"When understood, the Buddha’s universe..is anything but alien and inhibiting. It is a world full of hope, where everything we need to do can be done and everything that matters is within human reach. It is a world where kindness, unselfishness, non-violence, and compassion achieve what self-interest and arrogance cannot. It is a world where any human can be happy in goodness and the fullness of giving." ❦ Eknath Easwara

September 7, 2011

Pema Chodron - Don't practice Idiot Compassion!

"Don't impose the wrong notion of what harmony is, what compassion is, what patience is, what generosity is. Don't misinterpret what these things really are. There is compassion and there is idiot compassion; there is patience and there is idiot patience; there is generosity and there is idiot generosity.

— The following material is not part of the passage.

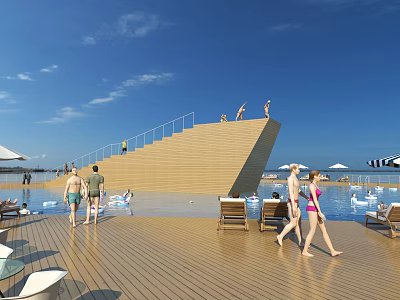 Outdoor Swimming Pool Area With Wooden Deck Sun Loungers And People Relaxing Swimming 3d model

For example, trying to smooth everything out to avoid confrontation, not to rock the boat, is not what's meant by compassion or patience. It's what is meant by control. Then you are not trying to step into unknown territory, to find yourself more naked with less protection and therefore more in contact with reality. Instead, you use the idiot forms of compassion and so forth just to get ground.

When you open the door and invite in all sentient beings as your guests, you have to drop your agenda. Many different people come in. Just when you think you have a little scheme that is going to work, it doesn't work. It was very beneficial to Juan, but when you tried it on Mortimer, he looked at you as if you were crazy, and when you try it on Juanita, she gets insulted...

...So you sit there and you say, "Okay, now I'm going to make friends with the fact that I am hurting and afraid, and this is really awful." But you are just trying to avoid conflict here; you just don't want to make things worse. Then all the guests are misbehaving; you work hard all day and they just sit around, smoking cigarettes, drinking beer, eating your food, and then beating you up.

You think you're being a warrior and a Bodhisattva by doing nothing and saying nothing, but what you're being is a coward. You're just afraid of making the situation worse. Finally they kick you out of your house and you're sitting on the sidewalk. Somebody walks by and says, "What are you doing sitting out here?" You answer, "I am practicing patience and compassion." That's missing the point."